Let G be a nonabelian group of order 10 prove that G contains an element of order 5 and five element of order 2 Because order of element divide order of the group,the possiblility of order of element is 1,2,5,10.
Frin this ,it must contains element of order 5 and 2.
But I can't prove that it must gaurantee five elements of order 2 .Anyone can give a hint ?
 A: Hint: Look at Sylow $2$ and $5$ subgroups.
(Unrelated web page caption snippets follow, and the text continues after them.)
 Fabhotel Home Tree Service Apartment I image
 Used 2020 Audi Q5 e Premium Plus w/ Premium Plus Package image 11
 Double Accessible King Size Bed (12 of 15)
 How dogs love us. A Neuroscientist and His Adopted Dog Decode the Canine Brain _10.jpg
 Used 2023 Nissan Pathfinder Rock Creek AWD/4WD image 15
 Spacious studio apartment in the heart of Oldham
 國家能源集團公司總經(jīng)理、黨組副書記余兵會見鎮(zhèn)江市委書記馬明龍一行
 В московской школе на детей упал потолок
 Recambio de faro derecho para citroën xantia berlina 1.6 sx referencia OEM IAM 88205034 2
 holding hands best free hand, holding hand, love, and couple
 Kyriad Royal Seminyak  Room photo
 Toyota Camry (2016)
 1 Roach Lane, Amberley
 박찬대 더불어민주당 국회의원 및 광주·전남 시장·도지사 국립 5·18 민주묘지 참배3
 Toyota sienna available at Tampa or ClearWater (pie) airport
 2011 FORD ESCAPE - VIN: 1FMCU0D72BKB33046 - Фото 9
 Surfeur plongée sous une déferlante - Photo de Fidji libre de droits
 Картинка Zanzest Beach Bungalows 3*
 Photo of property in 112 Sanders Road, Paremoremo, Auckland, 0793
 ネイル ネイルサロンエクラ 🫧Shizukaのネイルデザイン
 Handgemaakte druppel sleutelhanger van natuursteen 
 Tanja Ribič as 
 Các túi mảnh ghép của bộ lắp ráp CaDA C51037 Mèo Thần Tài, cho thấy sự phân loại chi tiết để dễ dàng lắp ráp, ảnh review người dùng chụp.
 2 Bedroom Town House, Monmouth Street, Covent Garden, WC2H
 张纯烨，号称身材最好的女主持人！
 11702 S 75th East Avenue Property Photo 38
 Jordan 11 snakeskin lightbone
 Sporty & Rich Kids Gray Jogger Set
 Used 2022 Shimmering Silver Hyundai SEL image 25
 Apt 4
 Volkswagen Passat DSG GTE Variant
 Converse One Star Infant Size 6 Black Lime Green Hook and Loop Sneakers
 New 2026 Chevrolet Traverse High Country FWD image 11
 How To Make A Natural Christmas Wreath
EDIT: Also notice that the statement of your problem follows trivially from Cauchy's theorem which says that if $p$ is a prime and $p$ divides the order of a group, then the group contains an element of order $p.$
A: By Lagrange, the possible orders of the non-identity elements of the non-abelian $G$ are $2$ and $5$. Not all the nonidentity elements have order $2$, otherwise, $G$ would be abelian. So $G$ must contain an element "$a$" that has order $5$. Therefore the elements of $G$ that are of order $5$ are $a, a^2, a^3, a^4$. To eliminate the possibility of there being any others suppose that there exists $b \in G$ such that b does not belong to $\langle a \rangle$ and $|b|=5$ since $5$ is prime no power of $b$ will belong to $\langle a \rangle$. Now consider the two cosets $b^2 \langle a \rangle$ and $b^3 \langle a \rangle $. Since $|\langle a \rangle|=5$ there are only two distinct cosets one of which is $\langle a \rangle$. Therefore $b^2 \langle a \rangle = b^3\langle a \rangle$ which implies that $b^2b^{-3} \langle a \rangle = \langle a \rangle$  implying $b^2b^2 \langle a \rangle = \langle a \rangle$ implying that $b^4 \in \langle a \rangle$ contradiction. The conclusion is that $4$ elements have order $5$ and $5$ elements have order $2$.